Le début d'altercation fit lever la tête de Klaus et de Mary qui les dévisagèrent, surpris. Louise ne sembla pas réagir, sentant probablement que le duel qui se préparait ne la concernait pas. Mais elle écoutait très probablement d'une oreille attentive. Lucas, lui, éclata de rire et murmura.
« C'est très bien. Tout le monde sait que c'est mal de tuer sa propre sœur... Pauvre, pauvre fille... »
Le chasseur de primes choisit de l'ignorer, de prendre son courage à deux mains et d'affronter le regard du cuisinier. Après tout, il serait obligé un moment ou un autre d'avouer qu'il était aller un peu vite en besogne.

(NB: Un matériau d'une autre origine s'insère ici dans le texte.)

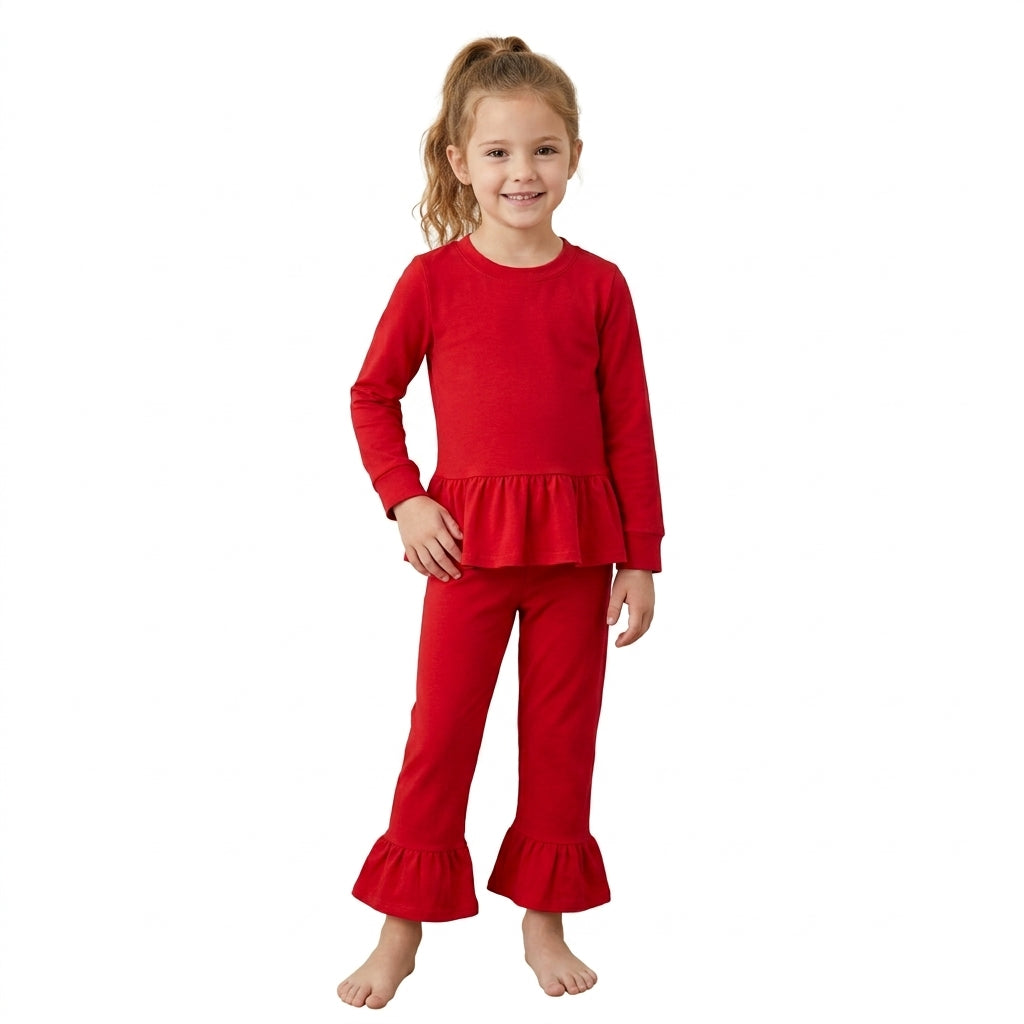 NO MOQ RTS GLP3749 Girl Clothes Solid Red Plain Print Long Sleeve Ruffle Hem Top Flare Pants Set 202610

« Plusieurs éléments se sont rajoutés à l'enquête... » Pharaun essaya de ne pas perdre totalement la face en ajoutant : « Ça ne veut pas dire que je ne la soupçonne pas ! »

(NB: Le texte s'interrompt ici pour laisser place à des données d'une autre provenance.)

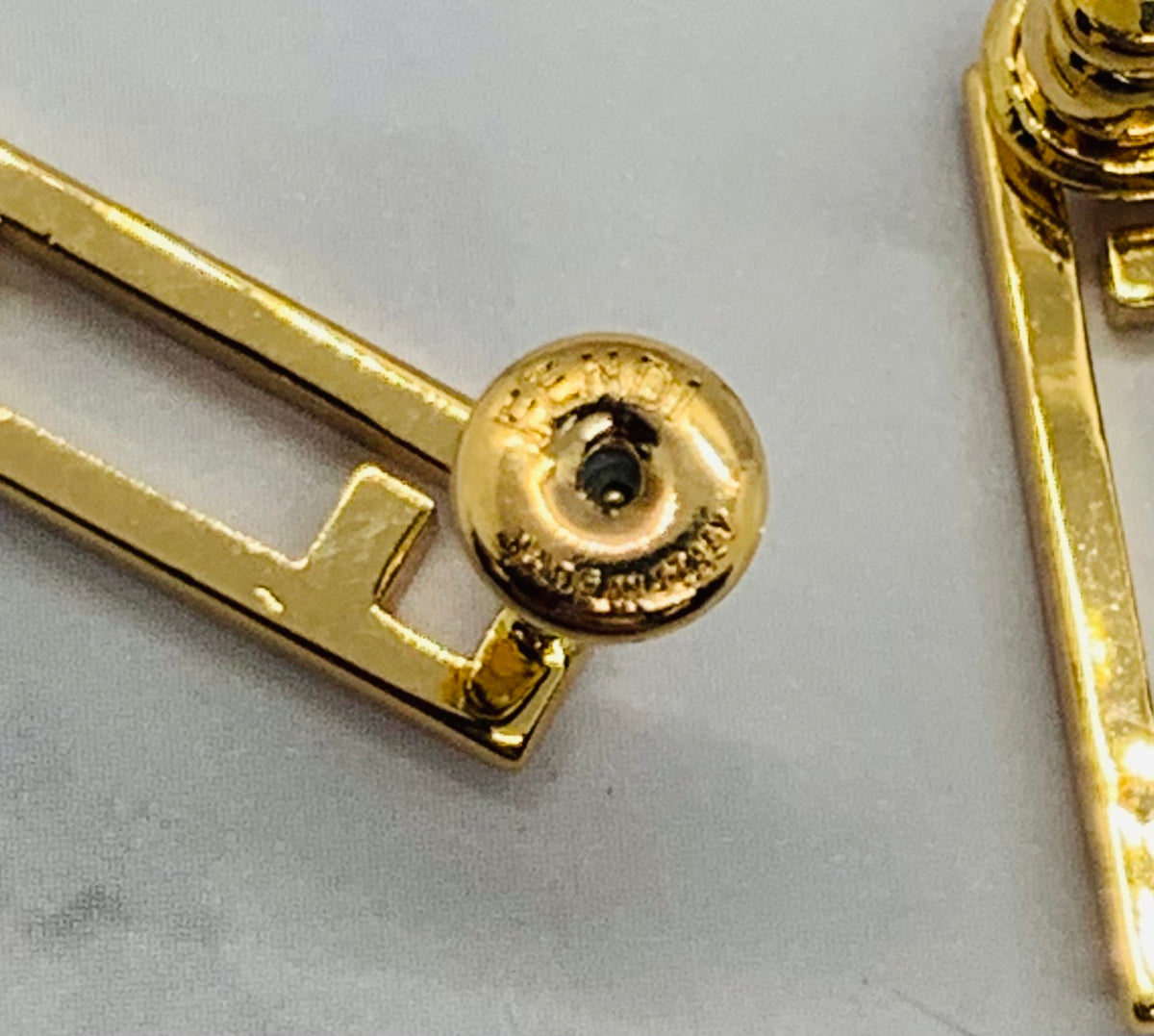 FENDI FF Gold Tone Pendant Earrings - Pre owned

Il aurait mieux fait de tourner sept fois sa langue dans sa bouche car le regard meurtrier que lui lança Mary aurait fait miauler le roi des animaux. Lucas sourit un peu plus et Ken perdit son sourire narquois.
« Vous êtes vraiment borné. Bon, peut-on savoir quelles sont ces nouveaux éléments ? »

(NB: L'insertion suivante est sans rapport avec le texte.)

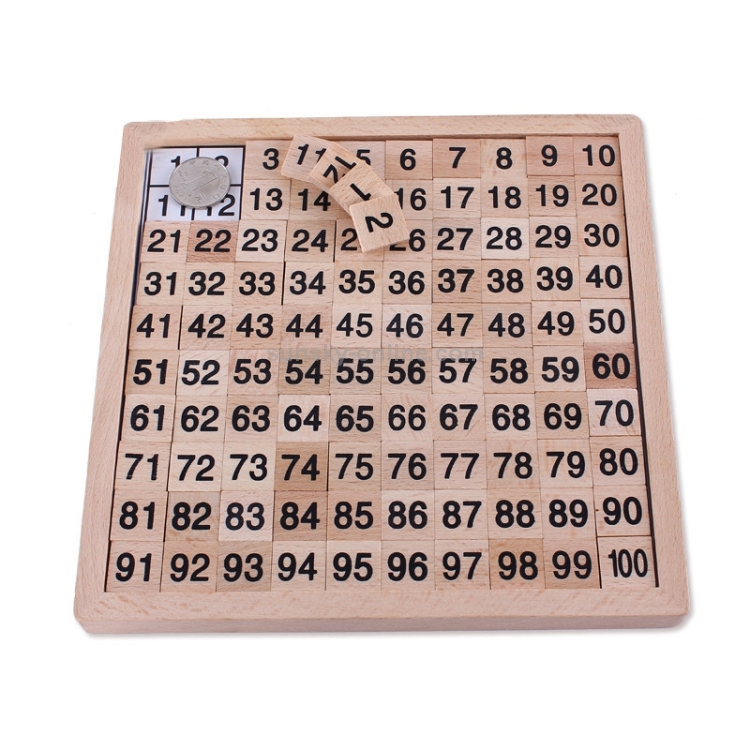 Wooden Montessori Teaching Aids Math 1-100 Numbers Counting Board Plate Toy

Pour échapper à la position bancale dans laquelle il s'était mit, Pharaun décida que changer de sujet était peut-être le meilleur moyen de s'en sortir. Il leur fit donc part de ce qu'il savait, sachant qu'ils l'apprendraient tous très vite de toute façon.
« Très bien. Vous devez savoir qu'Emily avait hérité d'un collier de sa défunte mère, tout comme sa sœur d'ailleurs. Et bien ce collier, qui vaut apparemment une fortune, est introuvable depuis ce matin. »
Pas de réaction de la part de Louise et Klaus qui étaient déjà au courant. Stupeur et perte de voix pour Mary et Ken qui essayaient de comprendre ce que cela laissait supposer.
Éclat de rire de Lucas qui ne put s'empêcher de s'amuser de la situation.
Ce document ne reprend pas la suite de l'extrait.